Les arguments non résolus entraînent une « réactivité » accrue et des « résidus » persistants

Pour leur récente étude, Witzel et Stawski ont utilisé les données du Midlife in the United States(MIDUS 2) : Daily Stress Project, 2004-2009.

Au cours du projet MIDUS 2, 2 022 participants à l’étude ont rempli en fin de journée un inventaire quotidien des expériences stressantes et ont fait part de leur « état de résolution des facteurs de stress » pour les expériences négatives qu’ils avaient vécues ce jour-là. Pendant huit jours consécutifs, les personnes interrogées ont répondu à ces enquêtes nocturnes.

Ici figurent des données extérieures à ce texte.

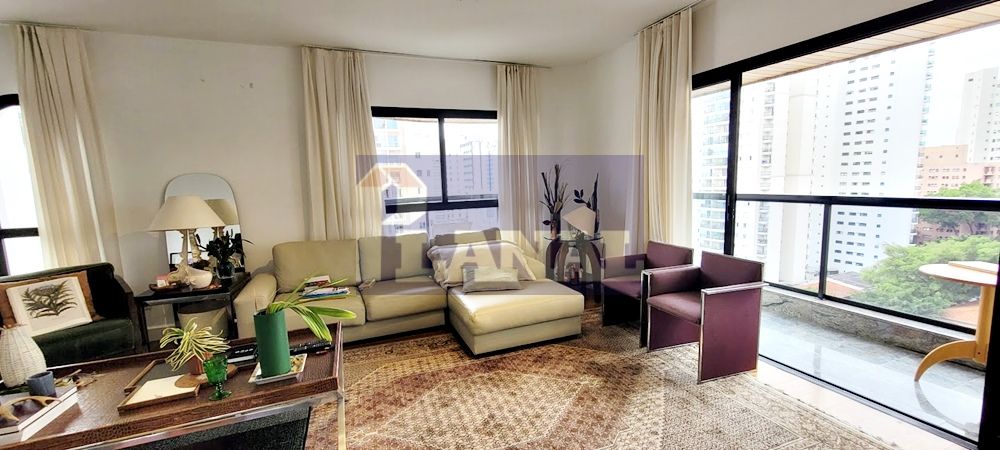 Apartamento à venda e aluguel com 3 quartos, 160m² - Foto 2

L’étude nationale MIDUS 2 sur les expériences quotidiennes a évalué « l’exposition aux facteurs de stress de la vie quotidienne ainsi que la réactivité physique et émotionnelle à ces facteurs de stress ». L’un des objectifs de cette étude longitudinale menée entre 2004 et 2009 était d' »étudier la corrélation entre l’exposition et la réactivité aux facteurs de stress quotidiens et les indicateurs physiologiques de la santé physique et de prédire les changements dans les rapports globaux sur la santé ».

Pour leur étude de suivi de 2021, Witzel et Stawski ont relevé les moments où les personnes interrogées dans le cadre de MIDUS 2 ont déclaré s’être disputées ou avoir « évité les disputes ». Ensuite, les chercheurs ont fait l’inventaire de la façon dont ces rencontres avaient tendance à affecter l’humeur d’une personne en se basant sur l’affect négatif (NA) et l’affect positif (PA). L’affect négatif et l’affect positif sont utilisés pour mesurer le degré d’émotions négatives et positives ressenties par une personne au cours d’une journée donnée.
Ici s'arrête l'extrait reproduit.